## REQUIREMENT
The response should be the records below, repeated exactly, with each picture left out.

----

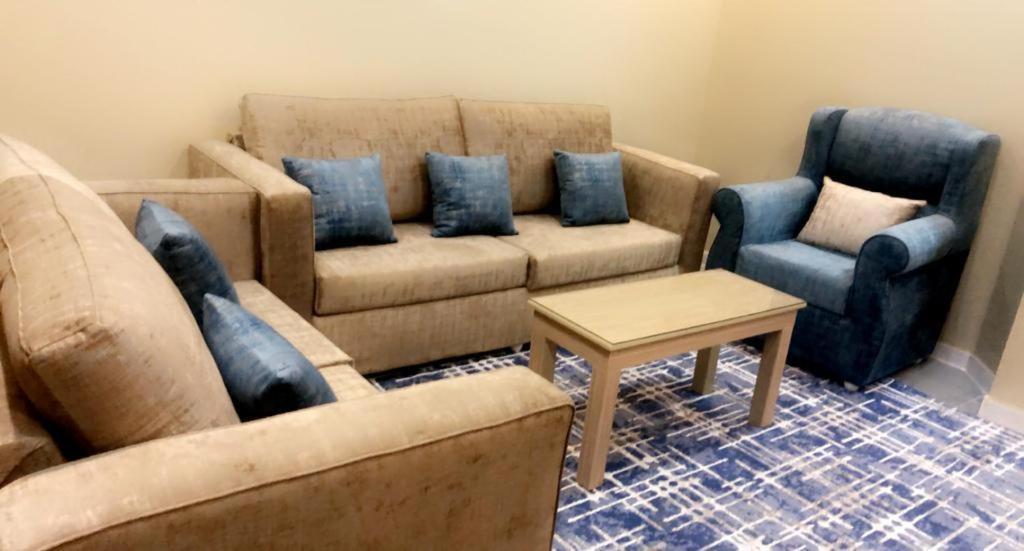 Marina Arar Furnished Apartments Kültér fotó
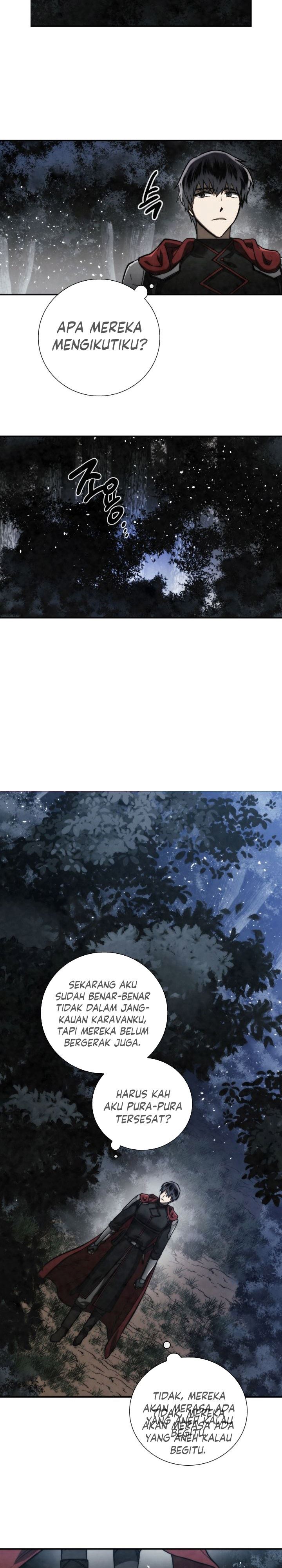 MEMORIZE  Chap 88 - Next Chap 89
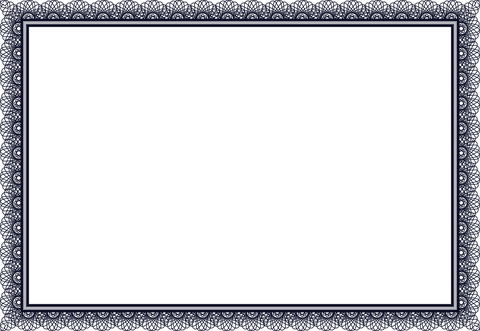 elegant digital frame on transparent background with copy space - Download Free Stock Videos Pikwizard.com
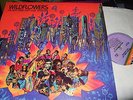 THE NEW YORK LOFT JAZZ SESSIONS : WILDFLOWERS 4 LP 1977 DOUGLAS USA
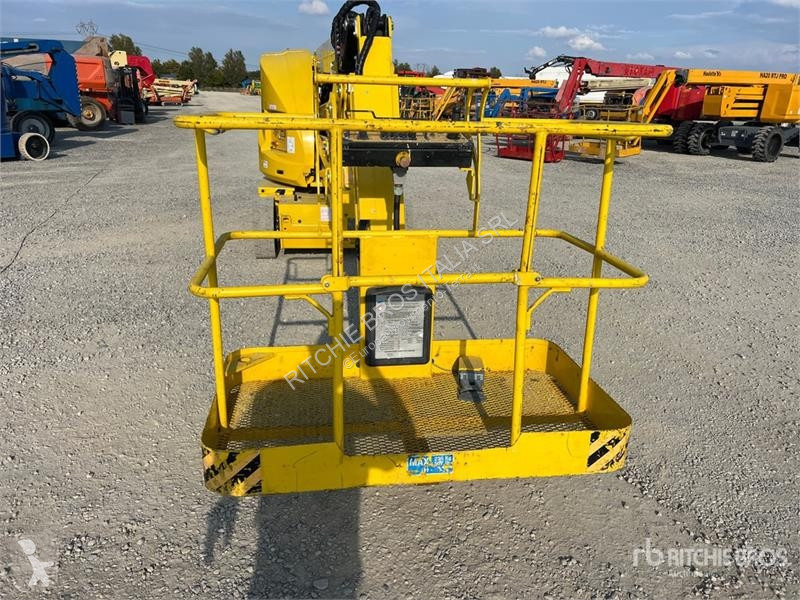 Plataforma elevadora Airo A17J Electric...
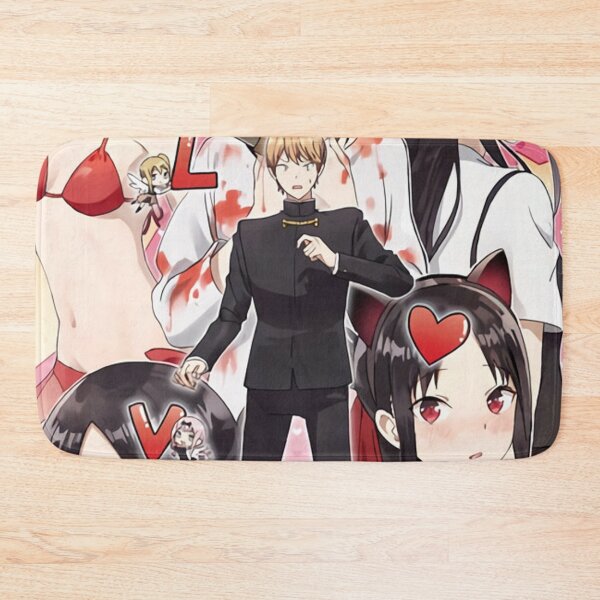 Item preview, Love War Kaguya Cover designed and sold by dianecalloway.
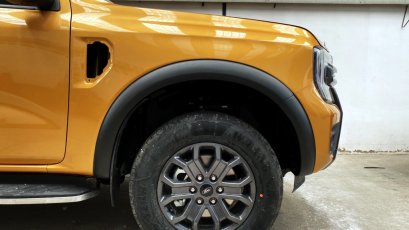 4.Fender Flares V.8 3&quot; 4DC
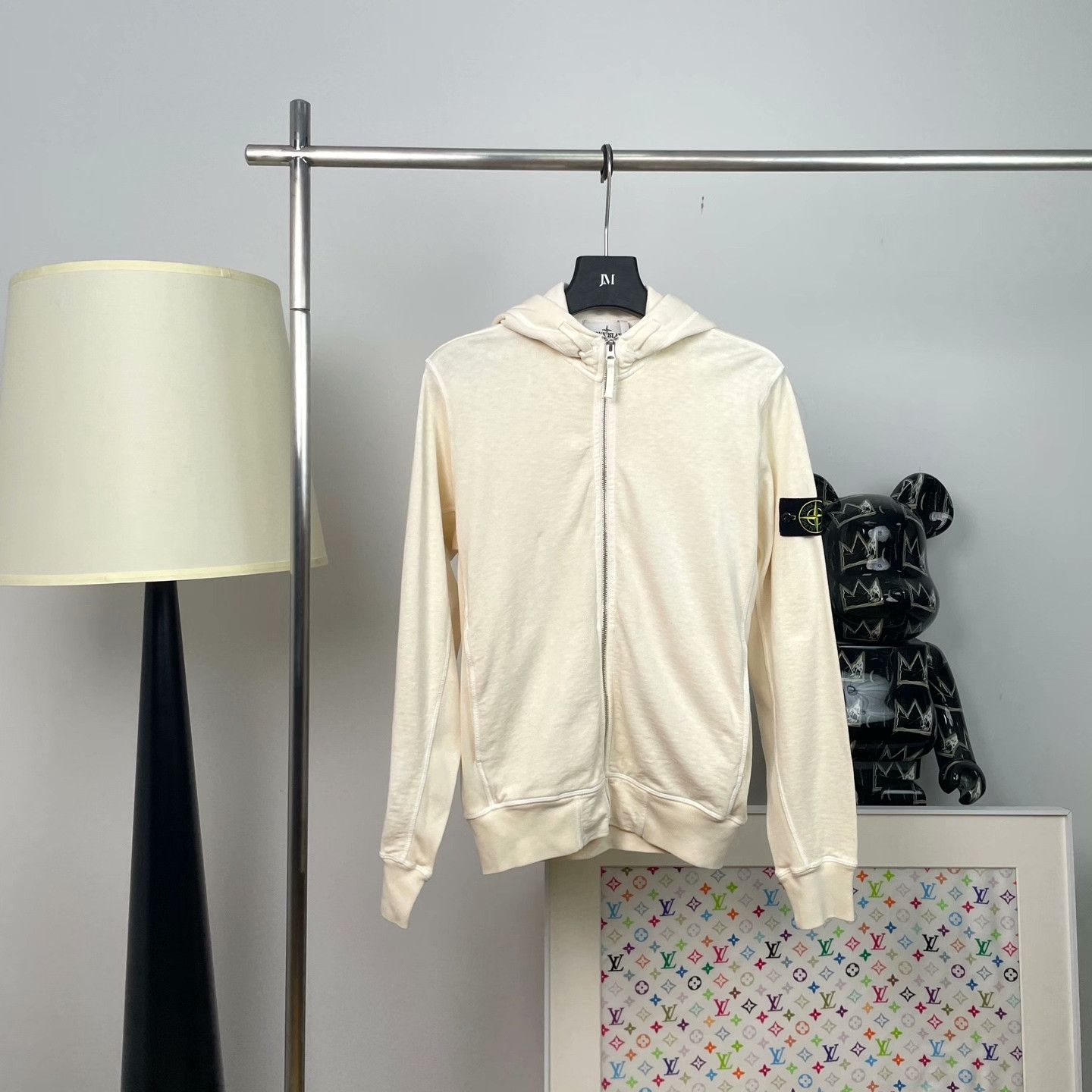 Stone Island Stone Island Casual Hoodie s Men Size US S / EU 44-46 / 1 - 1 Thumbnail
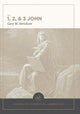 Book cover of: 1, 2 & 3 John: Evangelical Exegetical Commentary. By: Gary W. Derickson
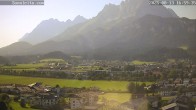 Archiv Foto Webcam St. Johann, Tirol 17:00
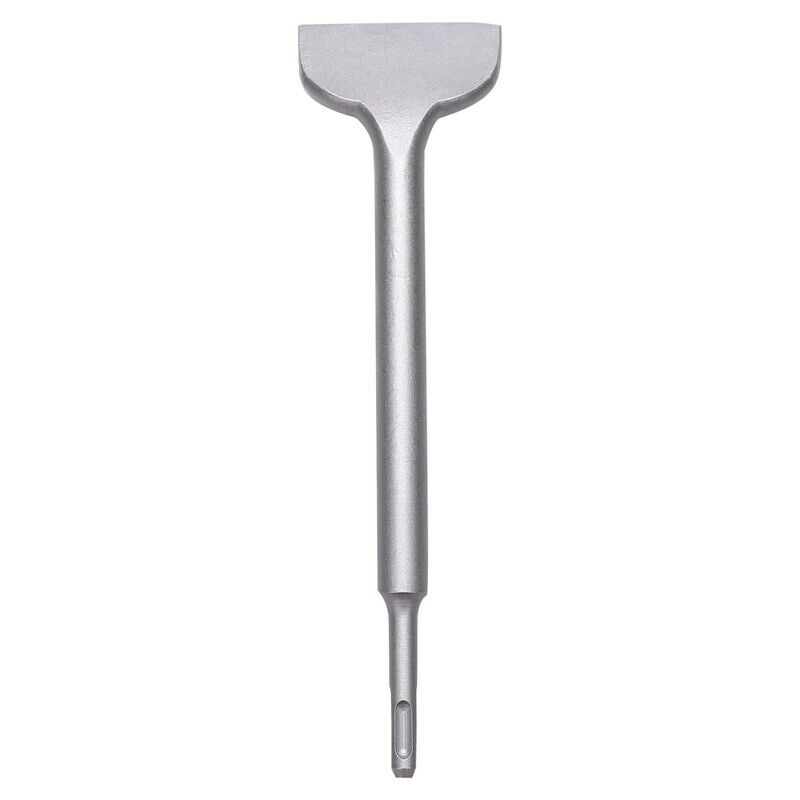 Sds Plus Shank 3-In Wide Electric Hammer Chisel Angled Heavy Duty Bent Tile ChH9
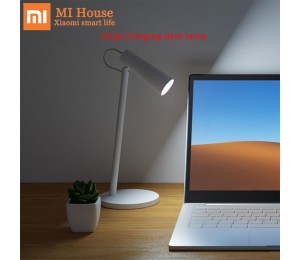  Xiaomi Mijia Lade Schreibtisch Lampe 5 W Rechargable 2000 mAh Batterie 3 Grade Modi Dimmen 2600 K 3200 K 4500 K Helligkeit Licht Lampe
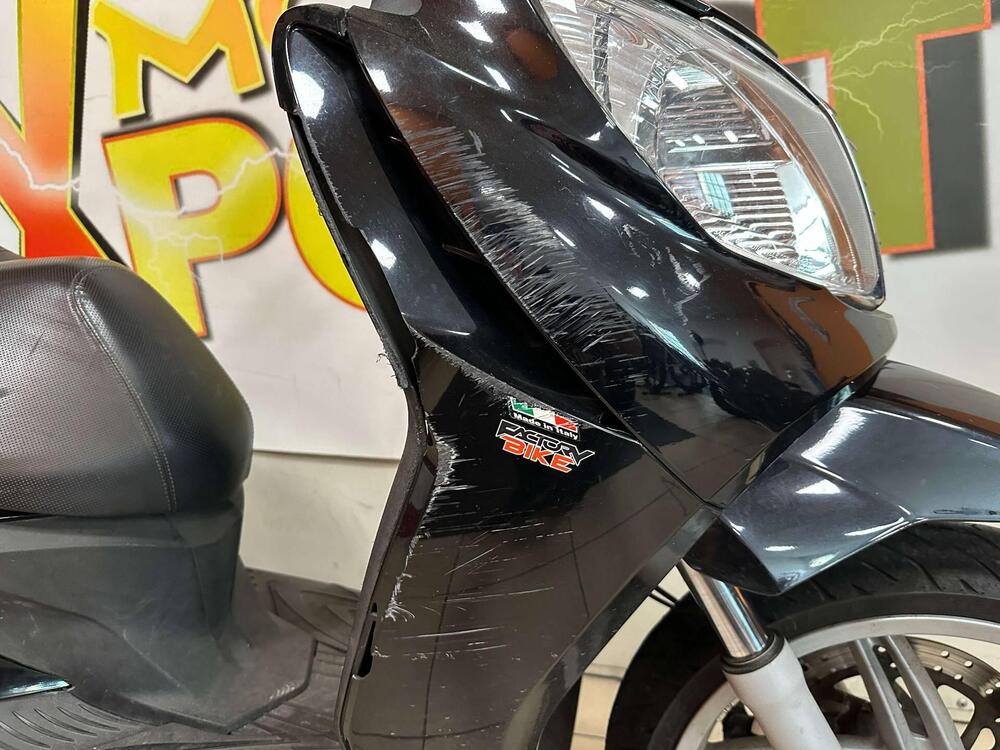 Malaguti Password 250 (2008 - 11) (3)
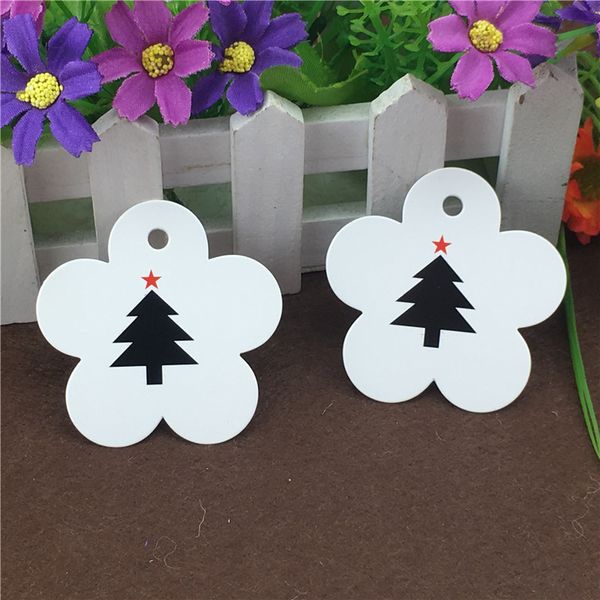 200pcs/lot festivals label flower heart shape christmas elk face hang tag souvenir packaging labels tags adornment note, Black
200pcs/lot festivals label flower heart shape christmas elk face hang tag souvenir packaging labels tags adornment note, Black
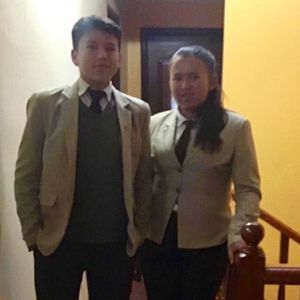 Meet your Posher, Fausto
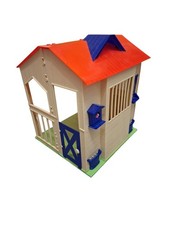 Kinder Pferdestall Spielhaus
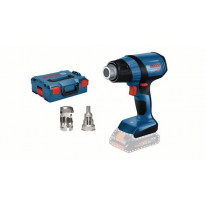 Kuumailmapuhallin Bosch Professional GHG 18V-50 Solo, 18V, ilman akkua + L-Boxx
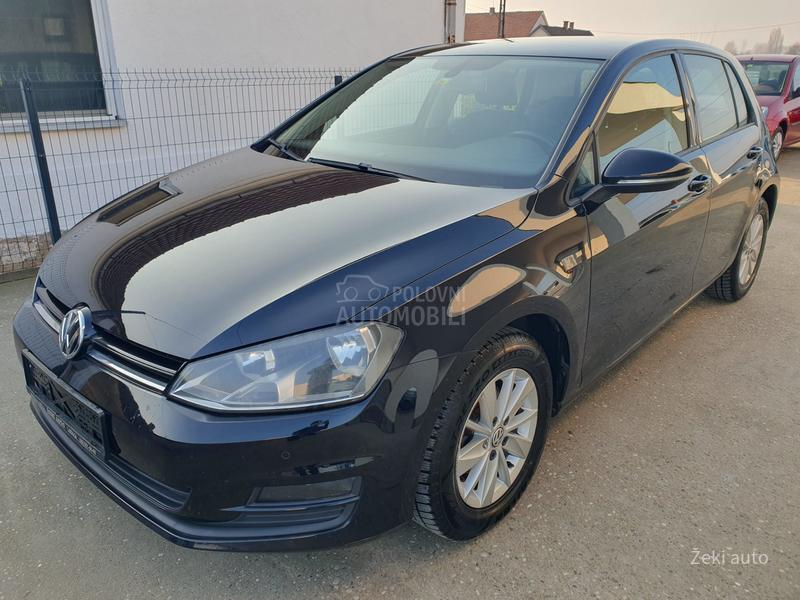 Volkswagen Golf 7 1.2TSI CH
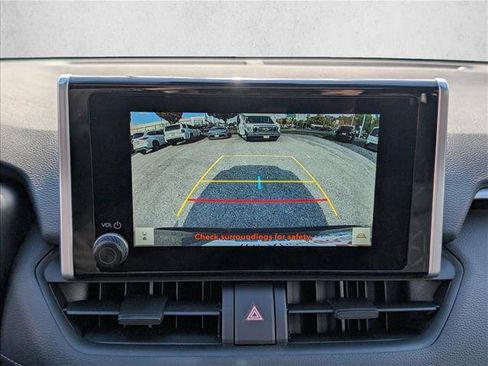 New 2025 Toyota RAV4 XLE image 24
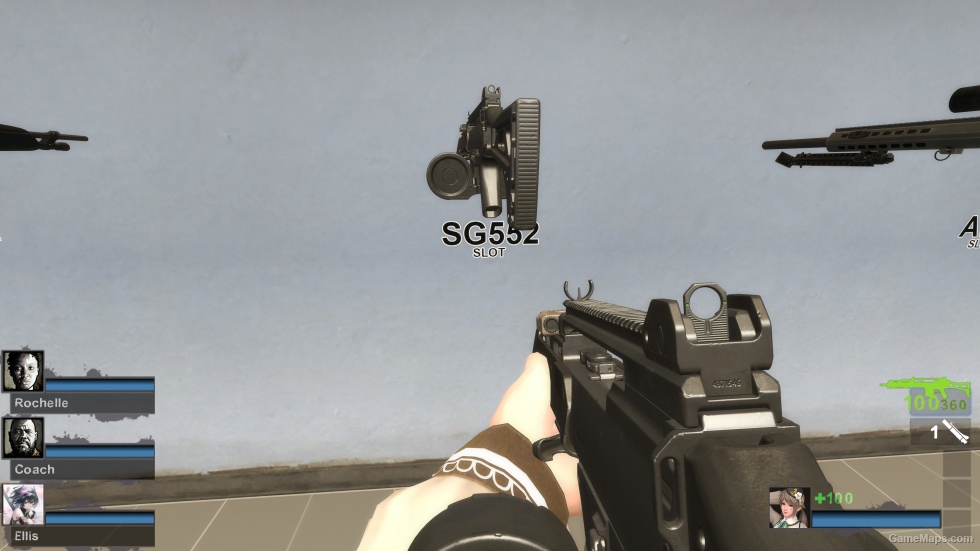 MW2019 Holger-26 sg552 (request)
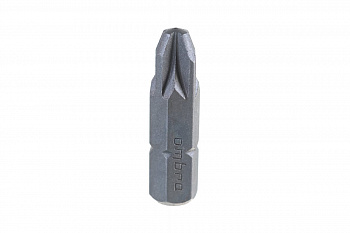 Вставка-бита 1/4"DR POZIDRIVE, PZ3, 25 мм Ombra 514603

----

## FINAL ANSWER
 Marina Arar Furnished Apartments Kültér fotó
 MEMORIZE  Chap 88 - Next Chap 89
 elegant digital frame on transparent background with copy space - Download Free Stock Videos Pikwizard.com
 THE NEW YORK LOFT JAZZ SESSIONS : WILDFLOWERS 4 LP 1977 DOUGLAS USA
 Plataforma elevadora Airo A17J Electric...
 Item preview, Love War Kaguya Cover designed and sold by dianecalloway.
 4.Fender Flares V.8 3&quot; 4DC
 Stone Island Stone Island Casual Hoodie s Men Size US S / EU 44-46 / 1 - 1 Thumbnail
 Book cover of: 1, 2 & 3 John: Evangelical Exegetical Commentary. By: Gary W. Derickson
 Archiv Foto Webcam St. Johann, Tirol 17:00
 Sds Plus Shank 3-In Wide Electric Hammer Chisel Angled Heavy Duty Bent Tile ChH9
  Xiaomi Mijia Lade Schreibtisch Lampe 5 W Rechargable 2000 mAh Batterie 3 Grade Modi Dimmen 2600 K 3200 K 4500 K Helligkeit Licht Lampe
 Malaguti Password 250 (2008 - 11) (3)
 200pcs/lot festivals label flower heart shape christmas elk face hang tag souvenir packaging labels tags adornment note, Black
200pcs/lot festivals label flower heart shape christmas elk face hang tag souvenir packaging labels tags adornment note, Black
 Meet your Posher, Fausto
 Kinder Pferdestall Spielhaus
 Kuumailmapuhallin Bosch Professional GHG 18V-50 Solo, 18V, ilman akkua + L-Boxx
 Volkswagen Golf 7 1.2TSI CH
 New 2025 Toyota RAV4 XLE image 24
 MW2019 Holger-26 sg552 (request)
 Вставка-бита 1/4"DR POZIDRIVE, PZ3, 25 мм Ombra 514603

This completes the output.